Yes. We are helping the hotel's growth strategy and really providing some level of bridge financing on individual hotel purchases. As Jim mentioned, the goal here is to bring in some investment partners in some of those purchases, as we already have done on the Hollywood Hotel.

Robert Glasspiegel - Langen McAlenney

Analyst

Okay. And just a clarification question. The -- I always get a little bit nailed on my model. You had a decent amount of partnership income at CNA, but the trading portfolio generated outsized loss in the quarter. Is that bond marks [ph]? Or is there anything that you'd characterize that hit the quarter? And first quarter is off to a better start as far as partnership income, I suspect.

James S. Tisch

Analyst

I think it was just generally stocks that were -- had a -- equities that we held at the Loews portfolio were down for the quarter.

Robert Glasspiegel - Langen McAlenney

Analyst

Okay. So as I think about Q1, it's more the -- how the equities might be doing in than bond marks [ph] that would drive trading?

James S. Tisch

Analyst

We do not have too much in the bond market. We are generally bearish on bonds, and we think that equities could do reasonably well. We also have a number of gold stocks that did not perform well in the quarter.

Robert Glasspiegel - Langen McAlenney

Analyst

Okay. So I should look at gold and some of your other equity holdings that are public as a guesstimate if I don't want to use the market for...

James S. Tisch

Analyst

Yes.

Robert Glasspiegel - Langen McAlenney

Analyst

And that's reported real time? No lag?

James S. Tisch

Analyst

The equities? Yes.

Robert Glasspiegel - Langen McAlenney

Analyst

Okay, the partnerships, I know, do have a little bit of lag at CNA. And any...

James S. Tisch

Analyst

Not all of them. Some of them do.

Robert Glasspiegel - Langen McAlenney

Analyst

Some of them. .

James S. Tisch

Analyst

But they are each consistent.

Operator

Operator

Your next question comes from the line of David Adelman with Morgan Stanley.

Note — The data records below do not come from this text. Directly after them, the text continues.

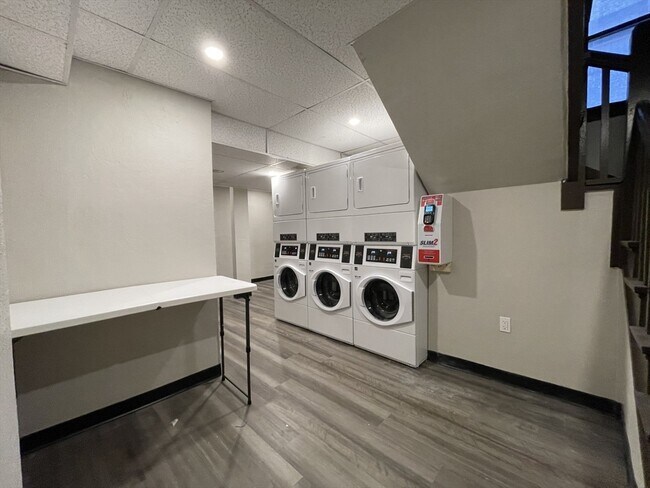 Building Photo - 333 Broadway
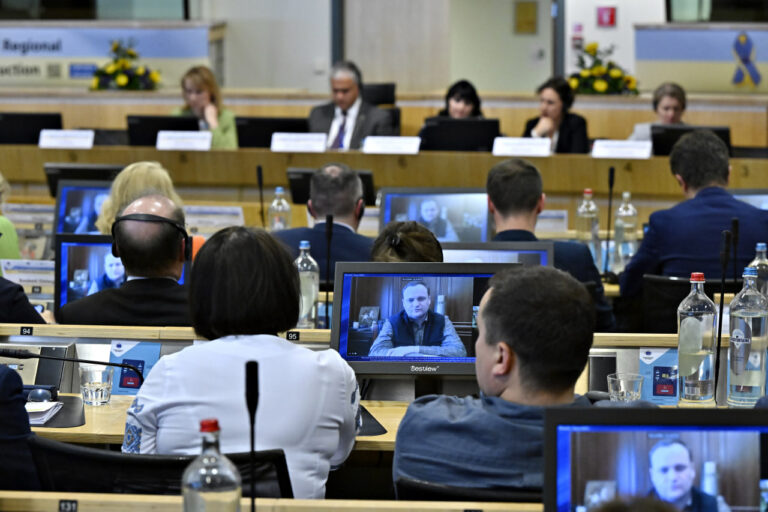 «Українські громади продемонстрували свою спроможність у найскладніший для незалежної України час». — Виконавчий секретар Президії Конгресу Олексій Кулеба у зверненні до Комітету регіонів ЄС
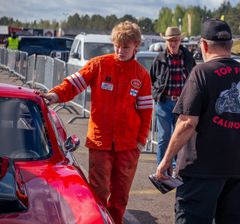 Varikolla on riittänyt kerrottavaa ihmisille.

David J. Adelman - Morgan Stanley, Research Division

Analyst · Morgan Stanley.

Jim, can you -- you mentioned the statistics about the new drilling program, but you didn't really characterize the performance of those new wells. How are they doing? How are they performing versus what other companies are drilling in that region?

James S. Tisch

Analyst · Morgan Stanley.

So you're talking about the wells in the Mississippian Lime?

David J. Adelman - Morgan Stanley, Research Division

Analyst · Morgan Stanley.

Yes.

James S. Tisch

Analyst · Morgan Stanley.

They're -- we've drilled 30 wells there, and we've had -- when you average out all the wells that we drilled, our performance is similar to the performance of wells drilled by people in our area. What we're doing is we want to drill another set of wells so that we can begin to really delineate the area and understand what we have. Right now, our belief is that this area is commercial, and we just have to wait and see how the other wells come out to prove up whether that thought is accurate.

David J. Adelman - Morgan Stanley, Research Division

Analyst · Morgan Stanley.

Okay. And then can you give us a rough indication of how much the annual depreciation in that division is going to come down because of the sizable ceiling test impairment you took this year?

Peter W. Keegan

Analyst · Morgan Stanley.

I don't have that readily available, David. Let's get back to you on that.

David J. Adelman - Morgan Stanley, Research Division

Analyst · Morgan Stanley.

Okay. And then lastly, also a question on the hotel business. If you look forward 2 or 3 years, could you characterize or define what success will be in that business unit from a strategic and financial perspective given the efforts under way? You'll have evolved Loews Hotels into what?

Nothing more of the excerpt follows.